UNE INTERVIEW, ÇA SE PRÉPARE…
Interview, entretien à bâtons rompus, entretien documentaire… le dialogue entre un journaliste et une personne-ressource, ça se prépare. Et avec rigueur !
Que cet échange doive se dérouler en studio ou ailleurs, le journaliste doit s'y préparer, au lieu de croire que l'interview, c'est juste poser des questions, peu importe l'ordre dans lequel on les pose et la manière mise à cela, la bonne maîtrise du sujet, laquelle se sent à travers la pertinence des questions. Ajoutons-y l'assurance, la bonne tenue de l'intervieweur lui-même qui n'est pas forcément bon parce qu'il a, pour ainsi dire, maltraité son "invité", jusqu'à faire de cette rudesse une marque de fabrique et un style qui le font redouter.
Gare au retour de flamme au lendemain du jour où un invité teigneux, perspicace et au caractère trempé dans l'acier aura renversé l'ordre instauré par l'intervieweur. C'est ce qui est, vraisemblablement, arrivé à l'animateur de l'émission Faram Facce de la chaîne de télévision dakaroise Tfm. Par deux fois, le présentateur a perdu la face devant ses invités.

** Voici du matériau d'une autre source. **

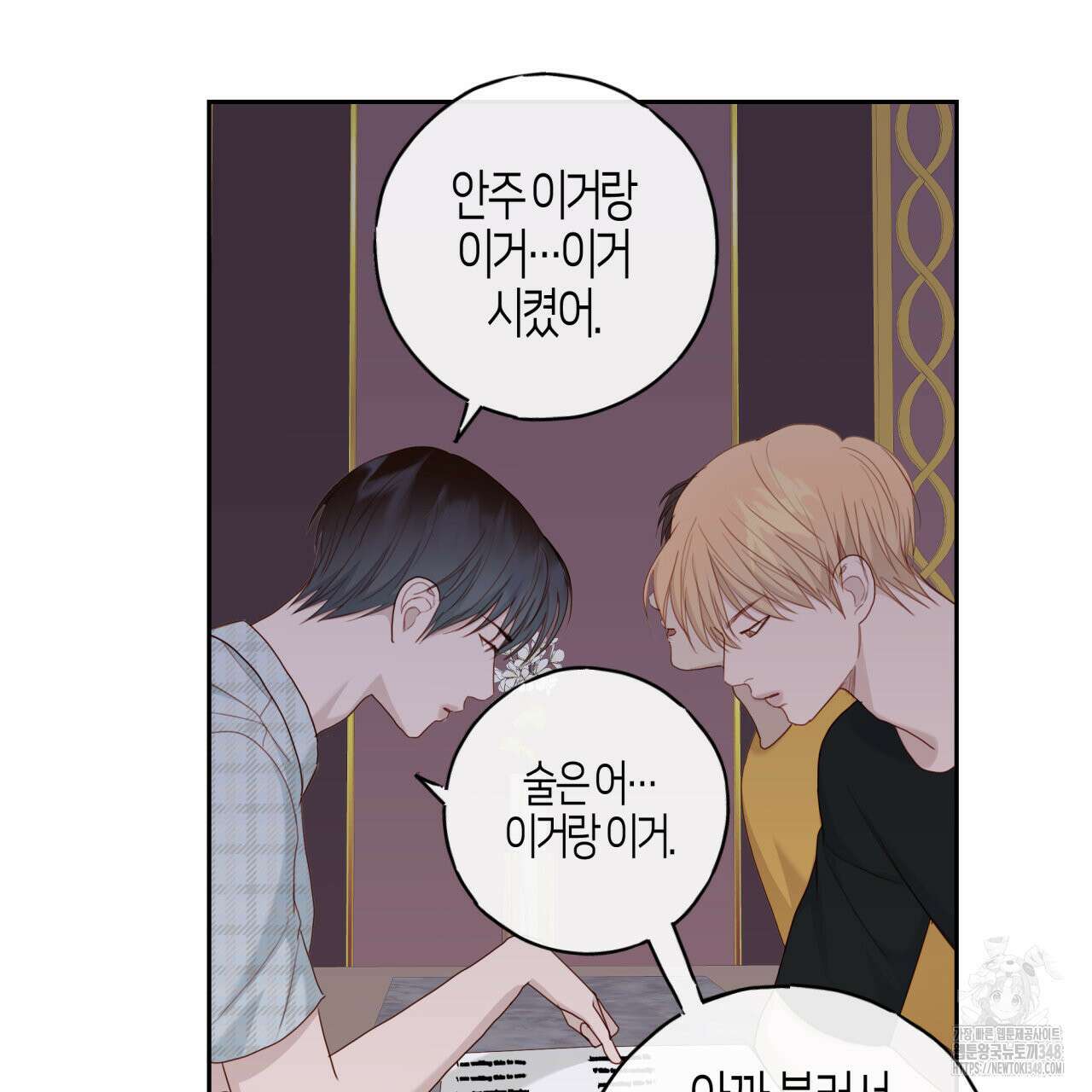 알파친구 37화 116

Devant l'une des figures de proue du parti d'opposition Rewmi, Abdourahmane Diouf, un universitaire brillant dans son argumentation, posé dans ses allures… "Je risque de vous recadrer tout au long de l'émission", a-t-il averti son hôte à l'émission de Tfm. Et on n'avait pas fini de commenter cette dérouillée que le journaliste, essayiste et polémiste Abdou Latif Coulibaly, secrétaire général du gouvernement, fit encore au présentateur de Faram Facce à qui l'invité fait grief de n'avoir pas lu le livre "Le Sénégal sous Macky Sall : De la vision à l'ambition, Les réalisations à mi-mandat". Eh oui ! Préparer l'interview aurait été, entre autres préalables, de lire le livre de l'interlocuteur.
L'interview, le journaliste doit en rester maître plutôt que de laisser, de fait, l'interlocuteur en dicter la conduite, le rabrouer avec une rudesse telle qu'il n'aurait plus le courage de poser des questions pertinentes, pouvant paraître comme gênantes. Bien préparer son interview, pour poser "les bonnes questions qui appellent les bonnes réponses" plutôt que de laisser l'interviewé s'engouffrer dans une brèche qui laissera découvrir que l'intervieweur ne maîtrise pas son sujet.
Le présentateur de "Faram Facce" se sera rendu un service d'autant plus mauvais que ses invités à venir auront découvert le défaut de sa cuirasse d'intervieweur qui ne maîtrise pas les sujets et compense cette insuffisance par une agressivité déplacée en certaines circonstances.
L'interview et les questions qu'on y pose ne sont pas une formalité… Pour réaliser une bonne interview, le journaliste ne doit pas se contenter d'entendre parler son interlocuteur ; il doit l'écouter ; l'écouter, c'est le suivre pour, entre autres, placer ces fameuses questions relances qui donnent du piquant à l'entretien et sont la preuve que le journaliste a été en présence de son interlocuteur. Bien suivre son interviewé pour ne pas s'en laisser conter, se laisser mener en bateau, se faire raconter des contrevérités…
Ce n'est pas pour rien que l'interview est catégorisée "genre majeur". N'importe quel journaliste ne peut la réaliser selon les règles de l'art dont la moindre n'est pas un bon background, mais aussi un caractère ferme. En effet, il y a des interlocuteurs difficiles, pas du tout commodes, d'autres de mauvaises du genre à vous dire "répondez à ma question ou l'entretien s'arrête-là" alors qu'ils ont eux-mêmes accepté de se prêter à la règle questions-réponses du journaliste).
Il y a de ces personnes dont le malin plaisir est de tenter de déstabiliser le journaliste pour le plonger dans le doute sur ses propres capacités… "Ce n'est pas la peine de prendre un air naïf pour poser une question qui n'en est pas une", a rembarré, un jour, Nicolas Sarkozy alors pas encore président de la République de France, à un journaliste à la télévision française.